In Los Osos, California, during the first week of February, a remarkable thing happened. The few rights left to us by the Bushist corporate oligarchs were revoked by a group of unelected local California bureaucrats.

The Regional Water Quality Control Board (RWQCB) chose 50 random citizens to be punished — without charges, trials, or legal representation — not because of anything they have done or not done, or even who they voted for, but simply because of where they happen to live.

I believe this is called scapegoating. It would appear to have little to do with water quality and everything to do with terrorizing the population.
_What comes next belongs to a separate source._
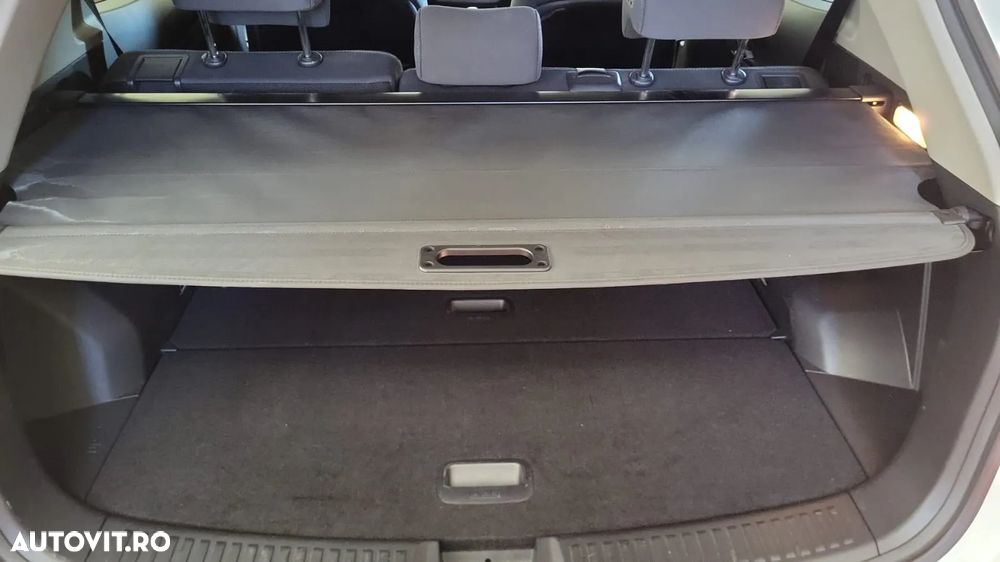 SsangYong Korando 1.6 e-XDi 2WD Crystal - 10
Given the turnout for last September’s surreal Los Osos Community Services District (CSD) recall election, and the closeness of the vote, these as yet unnamed citizens have a less-than 30% chance of having opposed the sewer and the RWQCB’s edicts. According to published statistics, they also have less than 5% chance of owning a leaking septic system. Perhaps they have, like me, already forked out the $4000 “prepayment” for the sewer, which has apparently evaporated.

Their only crime is residing in a town that has been torn apart for more than 30 years by controversy over funding for a much-needed sewer — controversy caused by lack of government oversight of developers over a generation ago.

But hey, these scapegoats were chosen by lottery, “to be fair.”

“The Lottery” is the title of a famous story by Shirley Jackson about a seemingly normal town where an annual lottery designates a random victim/scapegoat to be stoned to death. Critic Peter Kosenko said in his New Orleans Review article on Jackson, “The lottery functions to terrorize the village into accepting, in the name of democracy, the power on which its oppressive social order depends.”

Jackson’s story came to my mind (the part of it that wasn’t busy being terrorized) when I read the news of the RWQCB’s latest action in their ongoing battle with the new CSD board of Los Osos.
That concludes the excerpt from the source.